Il risultato è un imbarbarimento della vita quotidiana che dai “trattenuti” si riverbera sul personale: le forze dell’ordine che sorvegliano; gli operatori e mediatori, contrattualizzati mese per mese dall’ente gestore tramite agenzie; gli operatori legali e il personale sociosanitario. In un sistema in cui tutti sono vittime e l’odio e la diffidenza si diffonde persino tra i “trattenuti”. Gonfiando una “fame di violenza” verso gli altri e se stessi. Molto più che in carcere gli atti di autolesionismo nel Cpr sono quotidiani: labbra cucite; ingestioni di pile; tentativi di impiccagione, abuso di psicofarmaci, ustioni; e poi, tagli, tagli, tagli su ogni parte del corpo. Tagliarsi come disperato tentativo di farsi ascoltare. E ancora, la violenza sulle cose: i servizi resi inagibili, l’incendio dei materassi e delle suppellettili. Dare fuoco. Le fiamme: come umiliazione della prigione che ti umilia; come rivendicazione del diritto ad un trattamento più umano; come simbolo di scontro verso lo Stato; come grido selvaggio di guerra di chi cerca libertà.

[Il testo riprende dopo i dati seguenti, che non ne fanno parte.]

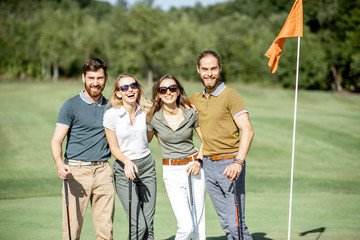 Portrait of a young and cheerful friends standing together near the golf flag on the playing course outdoors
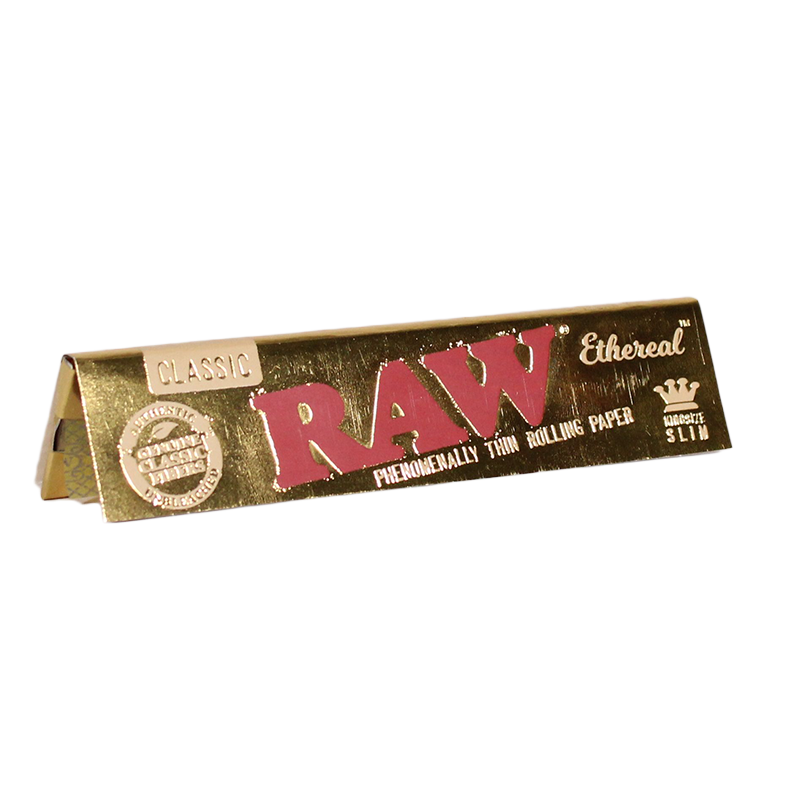 Front view of a single RAW Classic Ethereal Slim King Size rolling paper booklet in gold. This ultra-thin, low-density paper utilizes a signature crisscross watermark to ensure a slow and even combustion rate for advanced rollers.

Un grido sterile: destinato inevitabilmente a peggiorare le condizioni di vita nel Centro. Ma che dice molto sulla disperazione che lo alimenta. Un sistema che produce quest’odio denuncia, da solo, il proprio fallimento. Il fatto che in circa la metà dei casi, dopo sei mesi di “trattenimento”, lo straniero venga liberato perché non si è riusciti a organizzarne l’espulsione («Il rimpatrio è un risultato occasionale»), rende ancor più drammatico questo fallimento. Il “trattenimento amministrativo” sarà servito soltanto a distillare odio sociale. Maurizio Veglio ottiene un sicuro risultato: spiegare che quel che stiamo facendo è completamente sbagliato. Le domande su quel che dovremmo fare rimangono aperte. Un esempio fra tutti. Il trattenimento nei Cpr di stranieri provenienti da uno Stato verso cui con certezza non potranno essere rimpatriati (perché quel Paese è teatro di guerra civile o perché lì il trattenuto rischia seriamente la vita). Poiché i Cpr sono luoghi destinati a preparare il rimpatrio, la permanenza in un Centro di persone che non potranno essere espulse è, ictu oculi, un arbitrio. La frase sfuggita a mezza bocca da un ispettore con riferimento a un cittadino afgano («Intanto lo teniamo dentro tre mesi», termine massimo di trattenimento all’epoca) dà la misura di quanto queste scelte non siano sviste ma decisioni consapevoli. Ma una persona non espellibile (perché a rischio di persecuzioni o torture nel Paese di origine) può essere altamente pericolosa, pur non avendo commesso reati in Italia ma perché, ad esempio, è contigua ad ambienti terroristici.

Ed allora: che fare? Certo, si potrà applicare «un’appropriata misura di sicurezza, diversa dall’espulsione », come dice la Cassazione. Ma sappiamo che, in concreto, la soluzione non è così semplice. Nulla è semplice, in materia di immigrazione. C’è bisogno di molta intelligenza. Per ridisegnare tutto. C’è bisogno di un impegno comune, che cessi di usare l’immigrazione come terreno di propaganda per conquistare consenso. C’è bisogno, come scrive Emma Bonino, di un tempo in cui «le politiche migratorie divengano patrimonio dell’Europa e non appannaggio di 27 staterelli ognuno con i propri egoismi e le proprie convenienze».